Selagi itu hal-hal yang berbau positif dan tidak mengumbar kebencian yang berlebihan terhadap sesuatu, menurutku tidak ada yang salah. Tapi ya, sekali lagi, terkadang syarat tadi tidak terpenuhi. Masih banyak orang yang menggunakan jejaring sosial atau media untuk mengumbar kebencian dan memancing emosi dari pihak lainnya. Saya berharap, sebaiknya yang waras mengalahlah alias jangan mudah terpancing dengan umpan tidak layak sejenisnya.
Kembali lagi ke topik tulisan dan penulis. Tulisan dapat membuat provokasi yang belum tentu dimaksudkan oleh penulis ketika dia menuliskannya. Seperti Shakespeare yang menulis tentang roman Romeo&Juliet tak bermaksud membuat kisah cinta sehidup semati melainkan kisah indahnya perdamainan, tapi justru sisi 'sehidup-semati' yang lebih diapresiasi oleh pembaca. Mungkin sebaiknya kita sama-sama belajar semiotika dan hermeneutika untuk membahas lebih lanjut :)

2 komentar :

nanang mengatakan...

Semiotika yah? Hmhmhm
"...Semiotika pada prinsipnya adalah sebuah disiplin yang mempelajari segala sesuatu yang dapat digunakan untuk berdusta" -Umberto Eco
Semiotika biasanya sih mempelajari petanda dan penanda.
Bicara tentang tanda ada tanda sebenarnya (proper sign), ada tanda palsu (pseudo sign),tanda dusta (false sign), tanda daur ulang (recycled sign), tanda artificial, dan tanda ekstrim (superlative sign)- Yasraf Amir Piliang.
Dari keenam tanda cuman 1 yg menunjukkan kebenaran realitas.
Pertanyaanya, apa tulisan ini betul2 tanda sebenarnya?
Representasi juga perlu 3 hal:
Representasi mental, representasi intensional, dan reprentasi konstruksional untuk mencari kebenaran subjektif dr tulisan2mu. Semiotika mengajarkan orang untuk mencurigai, seperti jika orang2 mengatakan "jujur" pasti secra tidak langsung (eksplisit) juga mengajarkan bohong. Itulah konsep oposisi biner dalam modernism.
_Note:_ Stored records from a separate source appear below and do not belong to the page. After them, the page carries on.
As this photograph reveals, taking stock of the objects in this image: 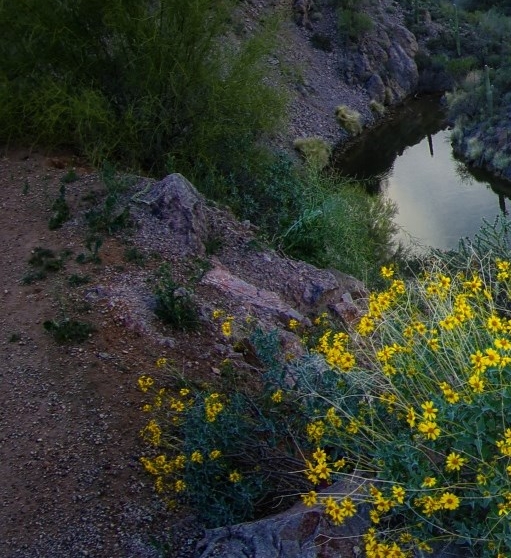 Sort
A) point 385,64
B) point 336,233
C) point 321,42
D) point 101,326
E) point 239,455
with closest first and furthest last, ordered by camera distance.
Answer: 1. point 239,455
2. point 101,326
3. point 336,233
4. point 321,42
5. point 385,64

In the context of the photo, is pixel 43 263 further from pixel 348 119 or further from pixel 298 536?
pixel 348 119

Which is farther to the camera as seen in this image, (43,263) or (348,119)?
(348,119)

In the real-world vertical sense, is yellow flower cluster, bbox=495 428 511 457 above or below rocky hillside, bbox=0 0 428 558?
above

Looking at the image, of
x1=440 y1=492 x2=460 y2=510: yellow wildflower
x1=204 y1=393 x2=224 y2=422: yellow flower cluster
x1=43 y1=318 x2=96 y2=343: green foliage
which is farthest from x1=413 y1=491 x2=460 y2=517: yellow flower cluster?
x1=43 y1=318 x2=96 y2=343: green foliage

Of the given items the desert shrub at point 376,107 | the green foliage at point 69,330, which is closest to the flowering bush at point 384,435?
the green foliage at point 69,330

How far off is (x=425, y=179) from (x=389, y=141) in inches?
166

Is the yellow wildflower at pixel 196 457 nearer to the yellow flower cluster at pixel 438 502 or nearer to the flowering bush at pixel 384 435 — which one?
the flowering bush at pixel 384 435

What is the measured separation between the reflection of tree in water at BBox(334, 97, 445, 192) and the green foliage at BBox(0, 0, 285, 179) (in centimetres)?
969

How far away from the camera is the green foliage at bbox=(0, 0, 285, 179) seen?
984 centimetres

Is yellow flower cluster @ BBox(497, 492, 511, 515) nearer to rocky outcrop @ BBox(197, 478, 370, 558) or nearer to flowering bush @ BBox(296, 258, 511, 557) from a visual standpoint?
flowering bush @ BBox(296, 258, 511, 557)

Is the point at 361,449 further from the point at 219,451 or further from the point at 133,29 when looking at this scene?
the point at 133,29

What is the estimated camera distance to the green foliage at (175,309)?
611cm

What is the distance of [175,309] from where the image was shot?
6094 mm

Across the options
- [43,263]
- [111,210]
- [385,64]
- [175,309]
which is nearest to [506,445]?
[175,309]
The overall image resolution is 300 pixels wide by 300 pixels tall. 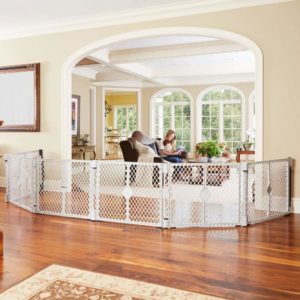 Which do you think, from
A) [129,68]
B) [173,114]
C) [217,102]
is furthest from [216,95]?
[129,68]

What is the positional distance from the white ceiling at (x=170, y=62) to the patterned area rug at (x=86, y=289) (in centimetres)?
428

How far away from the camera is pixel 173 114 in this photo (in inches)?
471

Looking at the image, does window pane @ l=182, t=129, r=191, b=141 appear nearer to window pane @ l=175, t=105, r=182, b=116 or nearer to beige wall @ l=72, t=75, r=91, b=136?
window pane @ l=175, t=105, r=182, b=116

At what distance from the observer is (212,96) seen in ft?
37.6

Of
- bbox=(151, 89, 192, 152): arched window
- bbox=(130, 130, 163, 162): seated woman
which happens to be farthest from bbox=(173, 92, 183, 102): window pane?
bbox=(130, 130, 163, 162): seated woman

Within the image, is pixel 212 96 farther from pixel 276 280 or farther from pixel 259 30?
pixel 276 280

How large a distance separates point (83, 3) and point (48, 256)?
137 inches

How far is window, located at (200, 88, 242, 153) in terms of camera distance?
11172 mm

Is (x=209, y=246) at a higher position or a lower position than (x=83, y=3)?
lower

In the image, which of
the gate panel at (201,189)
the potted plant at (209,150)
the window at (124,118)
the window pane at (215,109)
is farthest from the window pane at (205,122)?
the gate panel at (201,189)

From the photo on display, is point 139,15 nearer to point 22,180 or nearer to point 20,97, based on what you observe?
point 20,97

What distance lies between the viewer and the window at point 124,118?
14.1 m

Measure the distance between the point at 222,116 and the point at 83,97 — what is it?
4566mm

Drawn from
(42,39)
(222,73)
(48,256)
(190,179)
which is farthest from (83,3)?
(222,73) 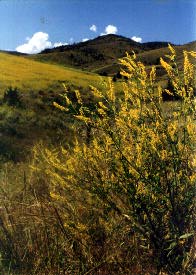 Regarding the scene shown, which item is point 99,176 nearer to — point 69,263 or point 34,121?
point 69,263

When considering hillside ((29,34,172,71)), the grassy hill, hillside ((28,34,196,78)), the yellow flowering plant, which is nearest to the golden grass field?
the grassy hill

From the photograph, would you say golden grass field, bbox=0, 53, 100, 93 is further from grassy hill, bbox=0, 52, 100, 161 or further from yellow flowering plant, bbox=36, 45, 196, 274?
yellow flowering plant, bbox=36, 45, 196, 274

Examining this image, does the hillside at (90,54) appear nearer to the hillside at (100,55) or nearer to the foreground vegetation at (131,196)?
the hillside at (100,55)

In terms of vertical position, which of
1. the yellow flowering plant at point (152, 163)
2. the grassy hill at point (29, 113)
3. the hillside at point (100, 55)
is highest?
the hillside at point (100, 55)

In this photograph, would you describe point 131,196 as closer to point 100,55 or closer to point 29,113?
point 29,113

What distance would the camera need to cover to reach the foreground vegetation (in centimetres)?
344

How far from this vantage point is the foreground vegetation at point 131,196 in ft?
11.3

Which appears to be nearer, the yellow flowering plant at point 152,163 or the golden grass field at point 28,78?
the yellow flowering plant at point 152,163

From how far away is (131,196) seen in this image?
3.51 meters

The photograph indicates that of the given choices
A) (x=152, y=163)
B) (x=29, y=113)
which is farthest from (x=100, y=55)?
(x=152, y=163)

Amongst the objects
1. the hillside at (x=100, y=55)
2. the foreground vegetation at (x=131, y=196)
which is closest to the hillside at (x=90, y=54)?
the hillside at (x=100, y=55)

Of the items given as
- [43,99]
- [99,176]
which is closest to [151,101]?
[99,176]

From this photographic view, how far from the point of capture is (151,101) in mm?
3512

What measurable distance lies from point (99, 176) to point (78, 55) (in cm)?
10610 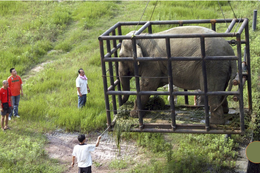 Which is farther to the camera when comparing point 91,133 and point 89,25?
point 89,25

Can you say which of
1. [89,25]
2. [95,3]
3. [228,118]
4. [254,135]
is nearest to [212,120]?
[228,118]

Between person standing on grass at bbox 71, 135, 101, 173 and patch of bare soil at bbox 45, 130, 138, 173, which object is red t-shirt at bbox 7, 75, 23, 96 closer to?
patch of bare soil at bbox 45, 130, 138, 173

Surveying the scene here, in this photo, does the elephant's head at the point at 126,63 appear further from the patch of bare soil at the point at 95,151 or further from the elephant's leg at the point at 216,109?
the patch of bare soil at the point at 95,151

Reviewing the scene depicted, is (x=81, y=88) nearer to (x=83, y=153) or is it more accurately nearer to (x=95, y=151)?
(x=95, y=151)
Dini Anggreini mengatakan...

Yup, memang maksudku dengan tanda-tanda yang ada, memaknainya, dan mencari makna di balik makna. Saya sedang sangat tertarik untuk mempelajarinya dan masih perlu belajar banyak memang. Maksudku, mencurigai tapi tidak berarti mencocoklogikan seperti pemikiran seorang skizofrenia.